Remember?

What do you remember? Do you remember playing baseball in a sandlot down the street? Do you remember riding your bike as far away from home as you could, knowing that you better be able to get back home when the street lights went on, or there’d be hell to pay for sure? Do you remember picnics at grandma and grandpas house in the yard with hot dogs and hamburgers and freshly made potato salad? Do you remember hiding in the undeveloped lot around the corner, and even though it was no bigger than a postage stamp it was Sherwood Forest in Robin Hood, or the place where Snow White was kept away from her prince? On other days though it was behind enemy lines and you and your men, (The other kids from the neighborhood), were hunkered down with nothing but your Tommy guns and your wits.

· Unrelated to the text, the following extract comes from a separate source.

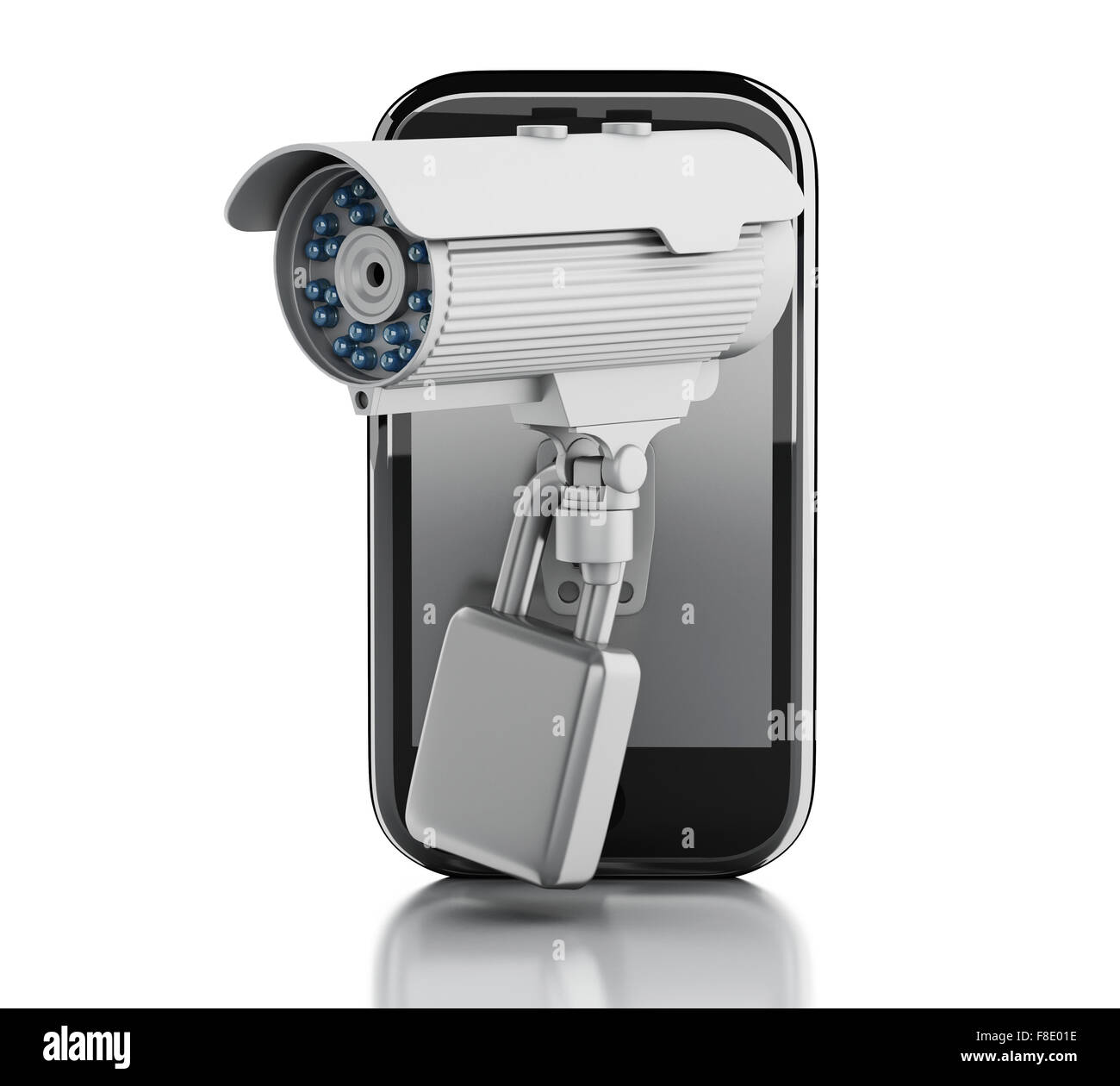 3d render image. Smartphone with CCTV camera and padlock. Mobile security concept. Isolated white background Stock Photo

At least until your mom called you in for supper.

Do you remember setting up the cinder block and a small piece of plywood from your dad’s workshop in the middle of the street and jumping your sting ray bike up the ramp and landing on the other side, just like the stunt car drivers at the County Fair the weekend before.

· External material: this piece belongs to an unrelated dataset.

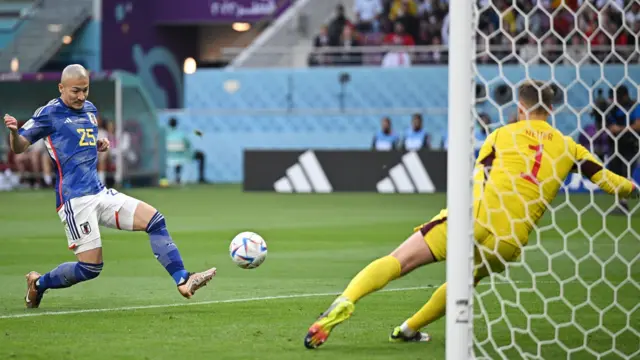 Daizen Maeda of Japan score dia first team first goal wey dem later rule as offside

Do you remember the kid from the other side of the housing tract when he learned his brother had just been killed in Viet Nam? Do you remember the rainy night he came to you crying, not understanding why? Do you remember how you didn’t know what to say, so you just let him cry it out, the two of you listening to the thunder? Then, one day, he and his mom moved away.

Do you remember the high school you went to the following year and how you actually had two of the same teachers your mom and uncle had when they went there? Do you remember the next three years of your life being the best you had ever had?  They were filled with love, lost love, heartbreak, unimageable joy and bittersweet times of growth and promise. Disappointment and accomplishment. Do you remember? Of course you do!

Now, don’t you want that for the generation in the 21st Century? Don’t you want your kids and grandkids to know these things? Those things were a lifetime ago for you, in a world that was not as complicated as the one we have made today. They exist only in the pages of stories and fledgling fairy tales. Those days all start with the phrase, ‘Once Upon a Time….’ The naivete of a world like ours is so long gone, it can only be a whisper to kids today. The sadness in that is not that children will never experience it, but that some of us did, and we will never be able to go back. Even though we cannot give that world to our children or to theirs, we can hold on to it for us. We can still hear the sounds, smell the smells and feel the touches of those days so long ago. That, we can give to our kids. We can help them see what we saw, feel what we felt, and touch what we touched. It may not be theirs, but it is ours to share, and ours to covet.

The world is moving very fast these days, and if we are going to keep up, we need to hold onto our past. We need to share it, not impose it. We need to open it up, not shut it away. We need to be honest with it, not embellish or even lie about it. The past is a precious commodity and once it becomes today, then tomorrow, then next decade it can risk being lost forever. The past can serve us today, and it can help us have a better tomorrow. All we need to do is remember, and talk about it!